While Pinder was fighting with Taylor, the commissioner was drawn into an undercover sting operation that would prove to be his final undoing. It began when a 47-year-old contractor who had once hired Pinder complained that Pinder was trying to shake him down for back pay.
Before his last election, Pinder worked as a lobbyist for a company led by Jose Flores, helping him win a lucrative garbage contract with the city in 2013. A year later, Flores lost the contract, prompting him to file bankruptcy for his company, Ecological Paper Recycling.
Flores, who was once arrested himself on grand theft and stolen property charges, went to the Miami-Dade State Attorney’s Office a year ago, and agreed to secretly wear a recording device and meet with Pinder.
During one meeting, they talked about shutting down a city-operated solid-waste transfer station so they could steer a contract to Flores’ company to provide the services, according to an arrest warrant.
In September 2015, Pinder put a resolution on the City Commission agenda asking the staff to study the possibility of a transfer station on Flores’ property.
The next month, Pinder again put the study on the agenda, according to the arrest warrant, and later demanded more money from Flores. The resolution passed.
When investigators questioned Pinder in March, he admitted he took more than $7,000 from Flores. But Pinder insisted he took the money only because he was entitled to it for back pay. After he was paid, Pinder dropped a $25,000 claim in the bankruptcy case, and Flores later testified that the dispute over the money with the commissioner was settled.
In the ensuing months, Pinder fretted over the specter of being charged. But it wasn’t until Monday, when his lawyer told him he would have to surrender, that he realized he would lose his commission seat, his friends said.
What he lacked in physical stature, he made up for in heart and desire. When you put him on a court, he loved to win.
Pinder’s high school basketball coach
On Monday night, he tuned into the Cleveland Cavaliers and Toronto Raptors playoff game and within a couple of hours called his friend, Uzat. He agonized about surrendering to the charges Wednesday and the pain it would bring, Uzat said.

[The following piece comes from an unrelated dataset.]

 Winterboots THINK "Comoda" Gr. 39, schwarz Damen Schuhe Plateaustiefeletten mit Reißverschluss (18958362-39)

Uzat said Pinder was about to lose the one job he had spent years trying to win back. “If he couldn’t be in politics, he didn’t want to do anything else,” he said.
Shiver said Pinder exercised poor judgment in using his commission seat to get paid. “It’s wrong. You can’t do that,” he said. But ultimately, his friend was one of the few elected officials who was “trying to make a difference.”
Michael Pizzi, a former attorney for Opa-locka who had once represented the commissioner, said Pinder’s “passion to put the city on the right track often came into conflict with the fact that he kept getting dragged back into associations with people who did not have the city’s best interest at heart.”
Barrett said the tragedy has as much to do with the city as his friend’s death. For years, Pinder represented the new generation of leaders who were going to help Opa-locka move beyond its cycles of poverty and crime.
“Until Pinder came along, the young people didn’t want anything to do with Opa-locka,” he said. “They were tired of watching what the older people had done. Pinder was young, with fresh ideas. Even us older people took to him. We wanted him to do well.”
Ultimately, though, he succumbed to the same pressures that Barrett warned him about years ago. “They used to say in Opa-locka, $1,500 will buy you anything,” he said. “That is still true today.”